It was lovely to see the orange stripe at the bottom of each pencil, which reminded me of my trips to Derwent’s pencil museum in Keswick. Holding the new pencils I noticed how light they felt. Which was quite a nice comparison to the mechanical pencils I’ve become accustomed to. But they still felt solid and the traditional Derwent shape with the six sides feels nice to hold while drawing. So, I set to sketching out the shape of the cats eye I’d chosen to draw. Using the 2B (straight to my comfort zone!) for the outline and experimenting with the 9H for the reflection of the window. Remembering the scratchy sensation of the harder leads from my school days which put me off using them, I wondered if I’d end up ruining the drawing with one of those pesky grains that scores the paper before you realise it’s there. We’ll see.

I used a variety of the pencils to develop guides for the shapes beginning the work of drawing the tiny muscles in the iris. This is where the pencils started to show themselves, using the different leads helped to really develop the gradients and easily create the tiny shadows. The H range was surprising, the H, which I am familiar with, was as to be expected, but as I experimented with the harder grades, up to 9H, I really got a feel for the lightness they can portray, enabling detail and layering.
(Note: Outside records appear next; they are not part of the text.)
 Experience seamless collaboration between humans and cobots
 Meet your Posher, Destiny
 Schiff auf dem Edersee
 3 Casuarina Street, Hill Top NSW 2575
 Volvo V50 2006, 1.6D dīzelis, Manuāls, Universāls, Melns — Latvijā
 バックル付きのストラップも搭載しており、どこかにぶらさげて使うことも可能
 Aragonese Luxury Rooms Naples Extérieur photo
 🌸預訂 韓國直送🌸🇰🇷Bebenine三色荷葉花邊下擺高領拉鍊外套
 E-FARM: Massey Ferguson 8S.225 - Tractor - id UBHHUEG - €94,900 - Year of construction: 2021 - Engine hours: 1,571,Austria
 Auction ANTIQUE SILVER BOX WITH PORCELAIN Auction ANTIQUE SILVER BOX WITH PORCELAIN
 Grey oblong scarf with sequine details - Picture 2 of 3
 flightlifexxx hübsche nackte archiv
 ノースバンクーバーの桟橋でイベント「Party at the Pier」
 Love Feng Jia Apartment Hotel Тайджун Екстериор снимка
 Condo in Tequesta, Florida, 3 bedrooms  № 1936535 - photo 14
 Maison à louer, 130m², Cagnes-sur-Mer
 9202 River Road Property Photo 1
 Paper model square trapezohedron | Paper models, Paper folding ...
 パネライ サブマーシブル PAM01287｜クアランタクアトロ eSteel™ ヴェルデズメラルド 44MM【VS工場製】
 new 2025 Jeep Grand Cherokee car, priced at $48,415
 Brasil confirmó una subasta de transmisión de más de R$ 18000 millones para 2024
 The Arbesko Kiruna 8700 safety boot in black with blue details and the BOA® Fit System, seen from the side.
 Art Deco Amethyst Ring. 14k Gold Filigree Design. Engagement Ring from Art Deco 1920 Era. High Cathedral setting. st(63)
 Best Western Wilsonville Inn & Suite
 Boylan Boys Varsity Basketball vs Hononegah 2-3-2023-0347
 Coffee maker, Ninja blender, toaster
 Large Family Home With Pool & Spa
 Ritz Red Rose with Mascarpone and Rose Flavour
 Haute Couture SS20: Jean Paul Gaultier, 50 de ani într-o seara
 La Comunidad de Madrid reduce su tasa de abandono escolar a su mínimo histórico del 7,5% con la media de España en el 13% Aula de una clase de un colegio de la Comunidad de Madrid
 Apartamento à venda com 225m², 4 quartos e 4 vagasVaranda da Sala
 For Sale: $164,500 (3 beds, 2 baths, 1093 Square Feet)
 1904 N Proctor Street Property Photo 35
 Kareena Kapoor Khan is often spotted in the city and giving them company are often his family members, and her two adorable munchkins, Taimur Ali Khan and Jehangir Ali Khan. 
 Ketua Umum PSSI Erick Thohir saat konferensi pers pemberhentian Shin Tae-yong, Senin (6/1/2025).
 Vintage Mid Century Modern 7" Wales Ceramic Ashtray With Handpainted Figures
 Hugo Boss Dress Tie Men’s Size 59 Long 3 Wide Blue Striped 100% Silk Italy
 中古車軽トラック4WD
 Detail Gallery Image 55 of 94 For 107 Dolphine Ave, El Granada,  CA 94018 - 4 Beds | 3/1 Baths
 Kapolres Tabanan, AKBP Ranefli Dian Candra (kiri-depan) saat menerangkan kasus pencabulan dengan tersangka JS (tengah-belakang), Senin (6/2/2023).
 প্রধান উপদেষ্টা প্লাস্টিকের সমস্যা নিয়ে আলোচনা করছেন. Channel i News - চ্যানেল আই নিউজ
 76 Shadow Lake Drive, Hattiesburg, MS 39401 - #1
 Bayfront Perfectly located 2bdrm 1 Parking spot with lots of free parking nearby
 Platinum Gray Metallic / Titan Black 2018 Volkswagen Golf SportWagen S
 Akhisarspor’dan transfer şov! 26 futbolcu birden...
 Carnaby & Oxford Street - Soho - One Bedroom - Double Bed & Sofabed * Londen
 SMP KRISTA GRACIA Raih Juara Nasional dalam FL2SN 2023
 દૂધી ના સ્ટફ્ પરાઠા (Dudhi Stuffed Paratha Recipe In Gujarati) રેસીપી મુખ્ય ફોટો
I spent about four and a half hours or more developing this A4 picture, and half of that was on the hair around the eye, which consists of pencil strokes in the direction of the growth of the hair. This was where the pencils came into their own for me, using the different grades to help layer the hundreds of pencil strokes needed to give the right effect.

Using the wide range of pencils really helped to push this picture from a potentially flat sketch to a much more accomplished picture and helped to facilitate my ongoing learning as a student. In the past I might have pooh-poohed the concept of using the various available lead softnesses to get the required effect, but I’m glad I’ve had the chance of experimenting and developing my understanding of this type of work. I used the whole range and really got a feel for them.

My questions have almost all been answered:  Which pencils to use, and when, comes quite naturally and is really pleasing. The range from light to dark gives you great scope to play around with the feel of the picture and really develop depth.

What makes the Derwent pencils stand out? Well, the overall look and feel appeals, and the light feel of the pencils. The feel of the pencil in your hand is comfortable and easy. The range available is fabulous, especially given that you can buy any of the three tins with a good range in each. Plus I didn’t experience that awful moment of a pesky hard grain that scores your paper, which was a relief!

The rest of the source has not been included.